Tuesday, November 21, 2006

Running With Scissors

One minute we were sitting at the lowly kitchen tale moaning about the sorry state of our lives and the next we were liberating the architecture with heavy projectiles. This was pure, freedom. Better than sniffing glue.
That passage, from Running With Scissors, is one of my favorites. I think I just really like the phrase 'liberating the architecture.' Heh. In the pantheon of book to movie adaptations, the movie rarely wins out. This is the case with Running With Scissors, yet, I still left the movie theater feeling somewhat fulfilled.

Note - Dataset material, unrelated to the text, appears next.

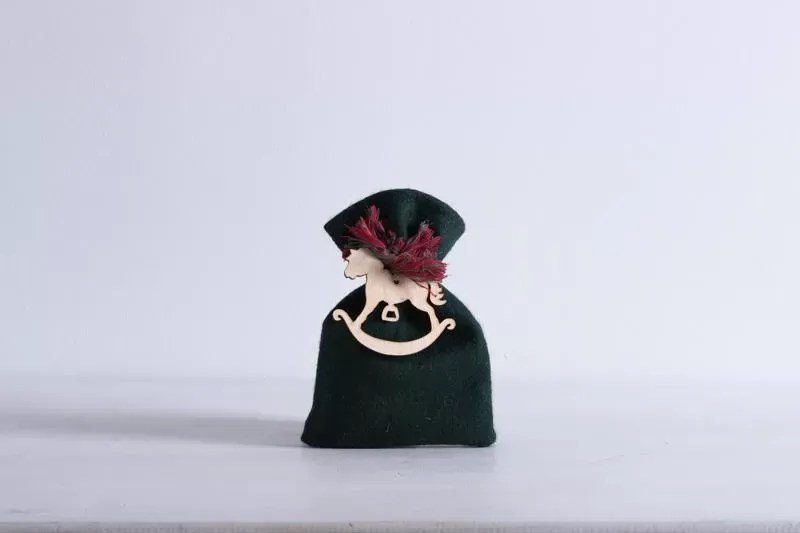 Beauty Home ΠΟΥΓΚΙ ΜΑΛΛΙΝΗ ΤΣΟΧΑ 12 x 17 cm  Γκρι 12 x 17 cm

It may not have been better than sniffing glue, but it was almost as good.

Running With Scissors is the allegedly true, amazingly fucked up, yet often hilarious story of Augusten Burroughs' childhood. After being given over to his mother's shrink, Burroughs had to live in a disaster of a house with the crazy doctor and his similarly crazy family. The film's main problem is that the book, like most memoirs, is composed of various vignettes that don't necessarily fit together in a nice screenplay format. Running With Scissors (the book) is more connected than, say, the stories in Naked by David Sedaris, but it's really nothing more than a collection of funny/outrageous/appalling/absurd/heart-wrenching scenes. Using Augusten's journal writing to tie them together was a valiant attempt, but it didn't quite work. And disappointingly, given the chance to use some of Burroughs' great passages in voiceover, the filmmakers instead chose to use much less interesting dialog.

That aside, I was impressed with the performances across the board. What can I say, I can't resist a quality supporting performance from Alec Baldwin (who played Augusten's alcoholic father). The Finch house, which is a character in its own right, was quite awesome looking - my high expectations for its look were actually fulfilled.

If you happen to see Running With Scissors and are even remotely intrigued, read Burroughs' second nonfiction book, Dry. As good as Scissors is, Dry is brutally funny and painfully poignant, and altogether a great read.